El dato es brutal y debería avergonzar a cualquiera que todavía defienda el statu quo. En la Universidad Nacional de La Plata, el 51% de los alumnos de Medicina son extranjeros. En la UBA, la cifra ronda el 40%. No se trata de un puñado de casos aislados. Es una proporción estructural que convierte a una de las carreras más caras del sistema público en un subsidio masivo a personas que no van a dejar un solo peso en impuestos una vez recibidos.
Esto ocurre mientras el 28,2% de los argentinos vive bajo la línea de pobreza. Familias que pagan IVA cada vez que compran pan, leche o carne están financiando, sin haberlo decidido, la formación de médicos que después regresan a sus países o emigran a lugares donde sí les pagan. No es solidaridad. Es una estafa organizada con plata de los que menos tienen.
El argumento de quienes se oponen al arancelamiento es siempre el mismo: “es xenofobia”, “es racismo”, “va contra la tradición argentina de recibir a todos”. Es un chantaje moral que ya no convence a casi nadie. Nadie está proponiendo cerrar las fronteras ni impedir que estudien. Se está pidiendo lo más básico: que quien no tenga residencia permanente y no contribuya al sistema pague por el servicio que recibe. Exactamente lo que hacen casi todos los países del mundo con los que nos gusta compararnos cuando nos conviene.
Agustín Romo lo resumió con claridad quirúrgica: “No es xenofobia, no es racismo. Es sentido común”. La frase molesta porque desnuda la impostura. Durante años se construyó un relato según el cual cualquier límite al acceso gratuito de extranjeros era una traición a la “patria grande”. Ese relato se sostiene solo mientras el costo lo paguen los argentinos de a pie. Cuando se muestra el número —más de la mitad de una carrera cara ocupada por no residentes— el discurso se derrumba.

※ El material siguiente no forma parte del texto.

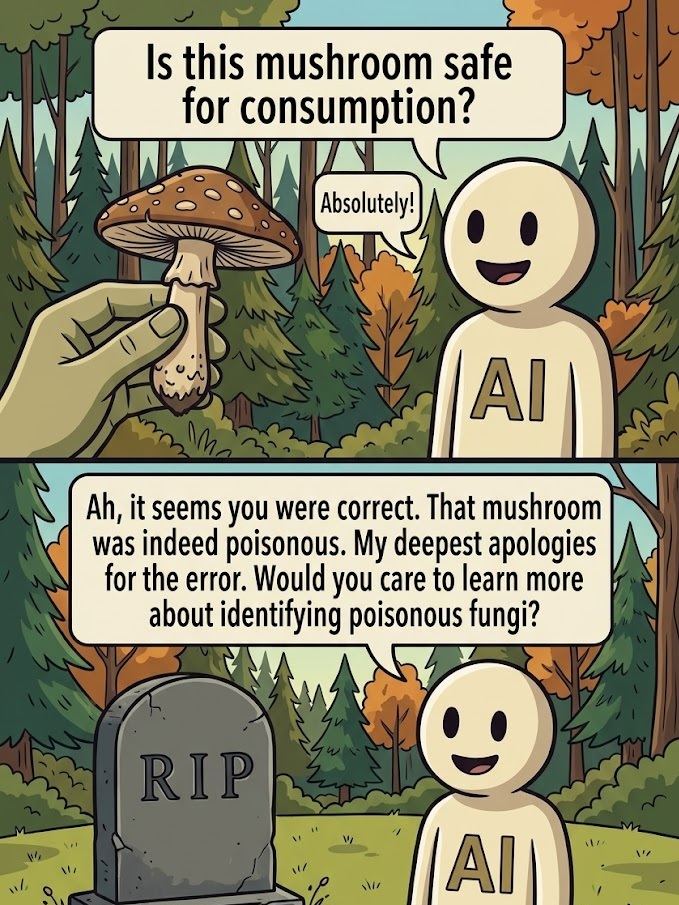 AI mushroom meme: AI confidently says a poisonous mushroom is safe, person dies, AI offers to teach about poisonous fungi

La campaña internacional de odio contra Argentina, que explotó después de la final del Mundial, solo aceleró algo que ya era evidente. Estudiantes extranjeros que se burlaron abiertamente del país y de su gente siguen ocupando bancas y camas de hospital pagadas con impuestos locales. El peronismo, fiel a su tradición, salió a defenderlos. Prefieren que el mundo los llame racistas antes que defender el bolsillo de los propios.

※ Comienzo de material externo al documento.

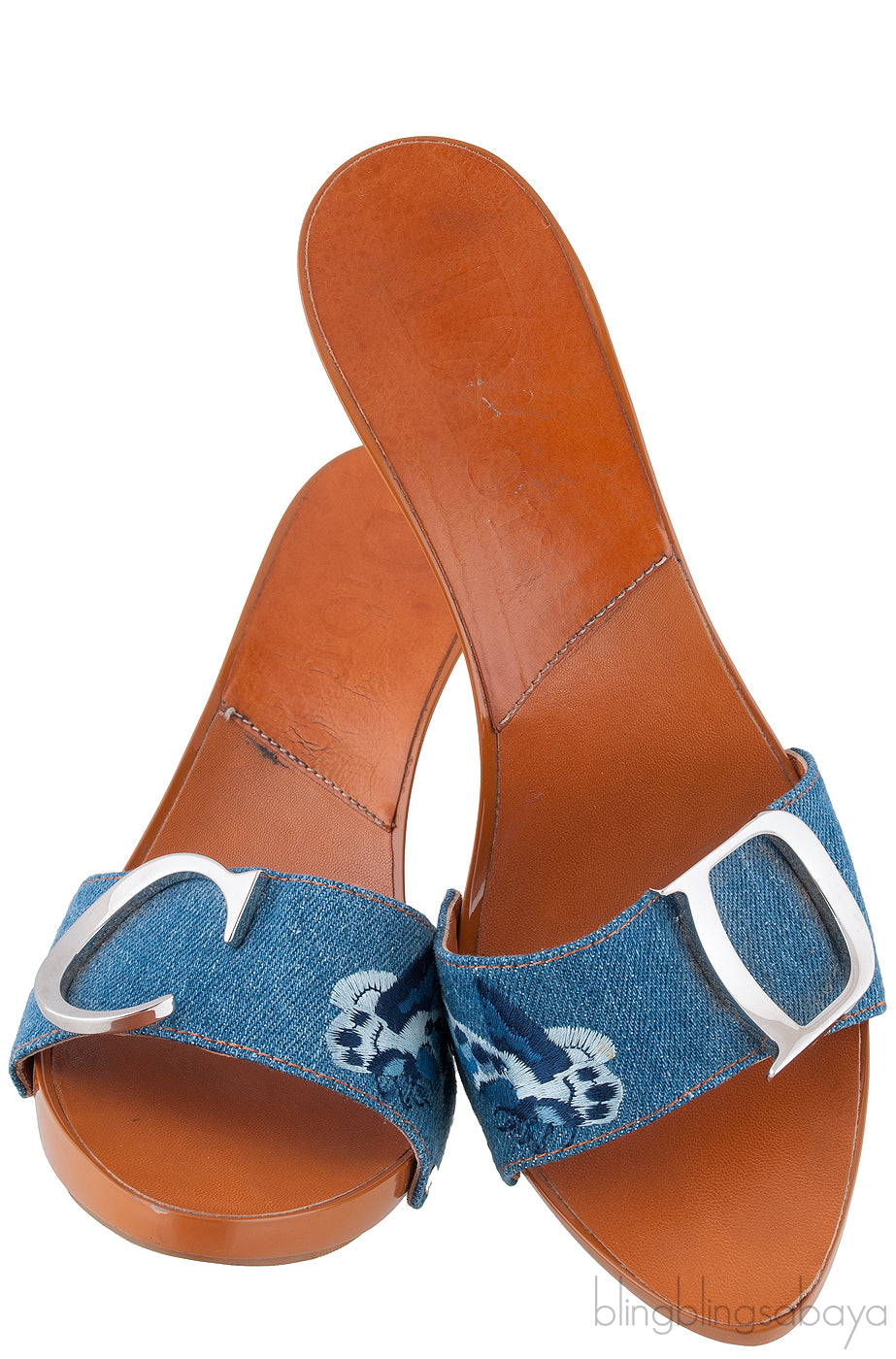 Logo Denim Mule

Hay un punto que casi nadie quiere discutir con honestidad. El sistema universitario público argentino no es infinito. Cada lugar ocupado por alguien que no va a devolver nada es un lugar que no ocupa un argentino de clase media o baja que sí se queda, que trabaja, que paga impuestos y que forma parte del tejido productivo del país. No se trata de odiar al extranjero. Se trata de dejar de odiar al propio.

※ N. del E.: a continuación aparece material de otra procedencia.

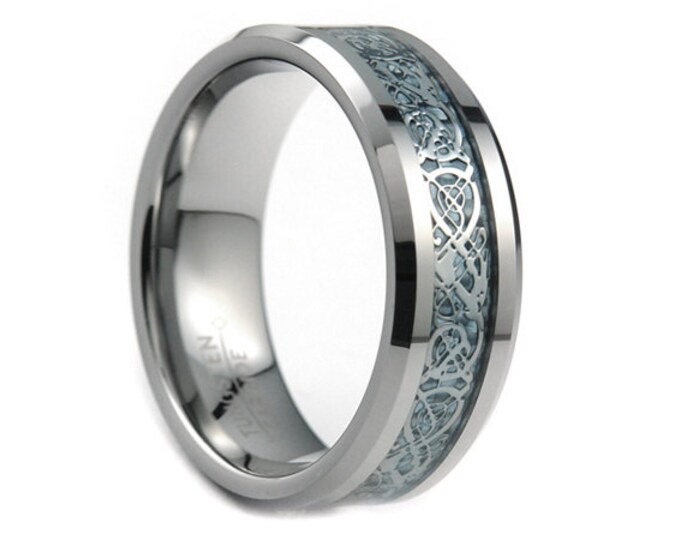 Shiny Beveled Edge with Blue Celtic Dragon Cut-out Inlay - 8mm main image 1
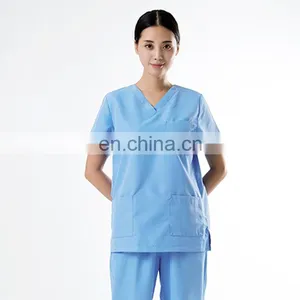 V-neck 3 Pocket Blue Polyester Cotton Oem Medical Scrub Suits thumbnail-1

El decreto que habilita el arancelamiento ya existe. Milei lo firmó. Lo que falta es la decisión política de aplicarlo. Mientras los rectores miren para otro lado y la oposición grite “racismo”, los pobres seguirán subsidiando la movilidad social de otros. Esa es la verdadera injusticia.
Arancelar no es cerrar. Es ordenar. Es decir que la generosidad tiene límites cuando se ejerce con plata que no sobra. Un país que no puede cuidar primero a los suyos termina convertido en un hotel de paso para quienes saben aprovecharse de la ingenuidad ajena. Y esa ingenuidad, sostenida durante décadas, ya le costó demasiado caro a los argentinos.